Aug 23, 2013 13 min read

Write for InfoQ

Feed your curiosity. Help 550k+ global
senior developers
each month stay ahead.Get in touch

1. Introduction

Database upgrade is usually one of “last mile” delivery tasks, being frequently left till the end of the project or till the sprint before the release, which is far from perfect because:

During each software deployment on a test environment the database is often recreated, which means that every time testers lose their test data
If the project lasts long enough, upgrade scripts are written sometimes months later than the initial database change was made, when the knowledge of how to migrate the data might be lost or impaired
There is a significant risk of failure as the upgrade scripts have not been tested thoroughly and repeatedly prior to production release
It is hard to estimate how long it will take to write the upgrade scripts ,adding even more risk to the delivery date and budget

In order to avoid such problems, experience taught me that good database versioning and a delivery strategy is fundamental for most enterprise projects.

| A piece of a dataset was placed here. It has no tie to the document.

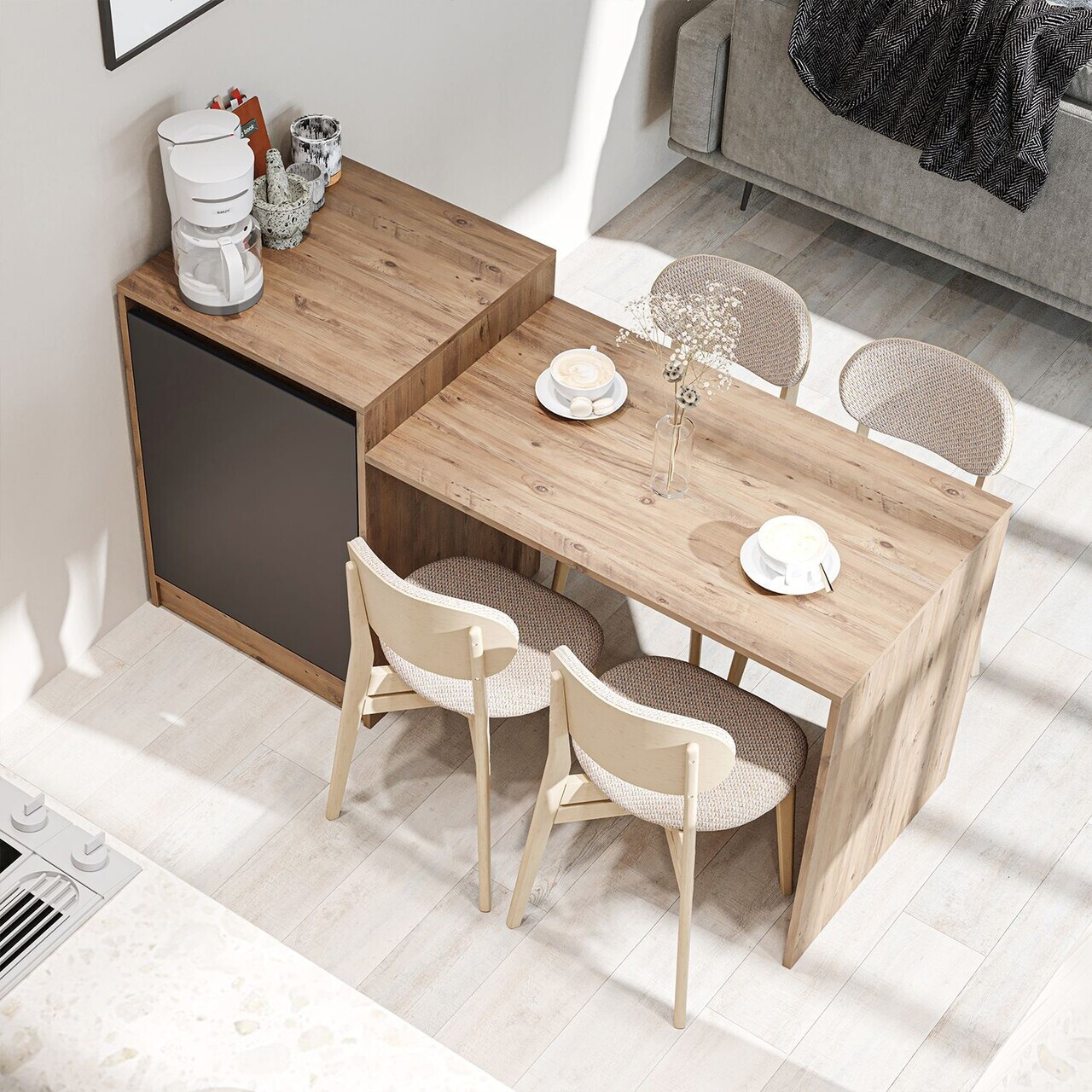 Masa de bucatarie, Hanah Home, 2787, 160x85x60 cm, PAL MELAMINAT, Pin Atlantic / Antracit — imaginea 3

Here is how we deal with it at Objectivity.

2. The Agile Perspective

Our projects are led in an agile manner meaning applications are developed incrementally and iteratively, and the database is included in this software development process. It all starts with “Definition of Done” (DoD), which is crucial to every highly functioning team. User Story-level DoD should contain a “Deployable” condition, which means that we only consider story as done, when it can be deployed automatically via scripts. Of course there are many other conditions in DoD (writing database upgrade scripts among them), but that itself is a good topic for an article.

Formulated in that way, DoD also has an impact on sprint planning and estimation. It is used as a checklist to validate whether all major tasks are accounted for. Regarding the database, each team member needs to know project-adopted rules on writing upgrade scripts: What is the format? Are we using any template? Where do we store files? Do the files need to follow any naming convention? Etc.

During development, changes to code and database are done by developers in parallel. On top of modifications to the database project, team members write upgrade scripts, which are checked in together with the rest of the code and used to test User Stories (US) on a dedicated environment.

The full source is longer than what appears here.